Il fautore di questo nuovo modello di reclutamento del personale docente – differenziato tra precari e assunti a tempo indeterminato – è Mario Pittoni, responsabile Federale Istruzione della Lega Nord.

La Tecnica della Scuola lo ha intervistato, proprio per comprendere meglio i motivi di una proposta così radicale e innovativa. Che la Lega Nord promette di trasformare in legge, qualora gli italiani le permetteno di tornare al Governo con l’avvio della prossima legislatura (forse già a seguito di elezioni politiche da attuare all’inizio dell’estate).

 

Pittoni, perché insistete tanto sui concorsi e sulle assunzioni solo regionali?

Perché va affrontato alla radice il problema della discontinuità didattica, spesso all’origine del fallimento scolastico dei nostri ragazzi (uno scandalo ormai di proporzioni bibliche, tanto da arrivare a occupare due intere pagine del Corriere della Sera), prendendo atto che gli stipendi attuali non consentono più di gestire trasferte di centinaia di chilometri da dove si hanno affetti e interessi. Non a caso la scorsa legislatura la nostra proposta ha raccolto interessanti aperture delle parti sociali e, in particolare, la disponibilità all’approfondimento dei vertici di Cisl, Uil, Snals e Gilda. Solo la Cgil non si è espressa.

 

Siete sicuri che questo modello rispetti le norme costituzionali sui concorsi pubblici nazionali?
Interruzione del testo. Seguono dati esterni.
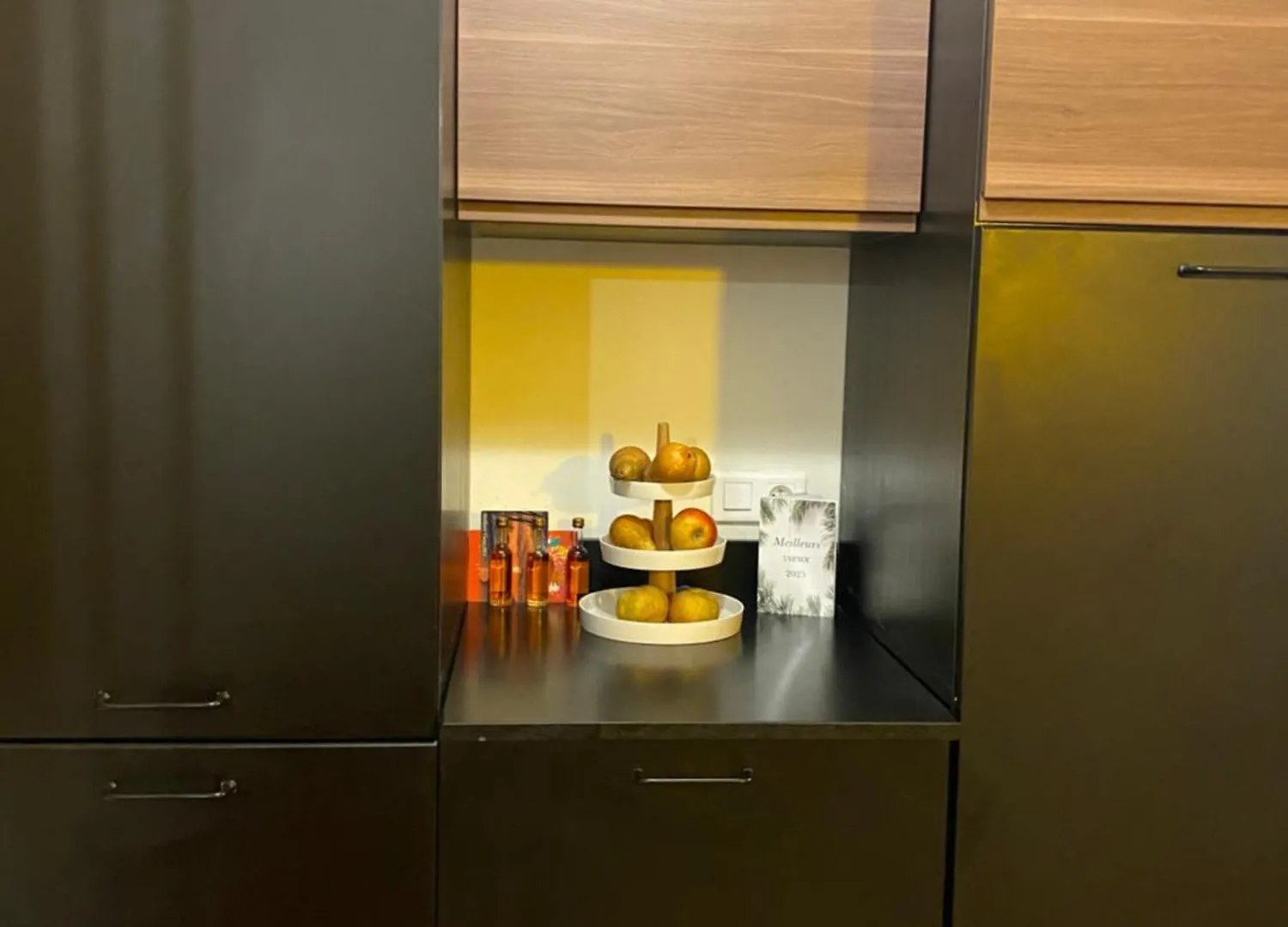 Apartament Cosy Et Arty Paryż 0*,  Francja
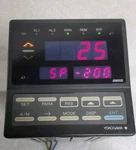 Yokogawa UT35S Temperature Controller. Fixed Price $90.00.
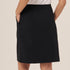 House of Uniforms The Remy Skirt City Collection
Prima del disegno di legge che abbiamo depositato nel 2010, tutti i progetti si arenavano sul riferimento alla residenza: qualcuno poteva essere tentato di porre il dubbio di costituzionalità. L’abbiamo allora sostituita con il “domicilio professionale” di ispirazione europea, che è indipendente dalla residenza. Si può infatti eleggere nella regione preferita in assoluta libertà e rappresenta pur sempre una scelta di vita.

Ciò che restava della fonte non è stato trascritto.